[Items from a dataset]
===============
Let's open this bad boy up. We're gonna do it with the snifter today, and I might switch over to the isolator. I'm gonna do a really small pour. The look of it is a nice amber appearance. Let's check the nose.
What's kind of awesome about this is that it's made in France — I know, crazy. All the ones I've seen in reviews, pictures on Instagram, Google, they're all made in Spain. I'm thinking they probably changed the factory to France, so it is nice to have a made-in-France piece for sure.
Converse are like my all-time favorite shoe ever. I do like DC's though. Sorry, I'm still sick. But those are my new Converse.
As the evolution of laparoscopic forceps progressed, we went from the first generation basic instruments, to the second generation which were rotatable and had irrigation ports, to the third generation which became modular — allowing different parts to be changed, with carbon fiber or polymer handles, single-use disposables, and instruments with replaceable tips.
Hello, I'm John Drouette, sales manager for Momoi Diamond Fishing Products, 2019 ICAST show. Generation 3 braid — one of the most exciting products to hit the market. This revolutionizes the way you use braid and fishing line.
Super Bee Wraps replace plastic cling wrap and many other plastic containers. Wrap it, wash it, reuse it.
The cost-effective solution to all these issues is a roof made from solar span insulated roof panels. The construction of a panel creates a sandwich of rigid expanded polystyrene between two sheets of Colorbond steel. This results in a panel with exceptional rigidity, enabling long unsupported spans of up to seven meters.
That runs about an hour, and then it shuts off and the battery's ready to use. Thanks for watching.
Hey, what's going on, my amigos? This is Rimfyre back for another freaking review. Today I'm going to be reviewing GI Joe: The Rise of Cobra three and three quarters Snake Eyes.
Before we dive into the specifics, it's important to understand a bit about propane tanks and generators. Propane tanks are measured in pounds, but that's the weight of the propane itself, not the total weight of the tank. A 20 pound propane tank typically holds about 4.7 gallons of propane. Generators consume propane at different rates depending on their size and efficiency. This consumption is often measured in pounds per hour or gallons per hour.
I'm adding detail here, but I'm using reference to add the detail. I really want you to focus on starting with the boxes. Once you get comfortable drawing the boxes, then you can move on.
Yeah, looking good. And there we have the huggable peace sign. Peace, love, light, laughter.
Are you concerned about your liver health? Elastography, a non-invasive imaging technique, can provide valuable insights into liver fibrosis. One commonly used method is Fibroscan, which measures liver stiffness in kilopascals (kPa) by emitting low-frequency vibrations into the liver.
===============
Which lines run from the one holding "Hello, I'm John" through the one holding "Super Bee Wraps" in the records above? Repeat them exactly, both included, and nothing more.

Hello, I'm John Drouette, sales manager for Momoi Diamond Fishing Products, 2019 ICAST show. Generation 3 braid — one of the most exciting products to hit the market. This revolutionizes the way you use braid and fishing line.
Super Bee Wraps replace plastic cling wrap and many other plastic containers. Wrap it, wash it, reuse it.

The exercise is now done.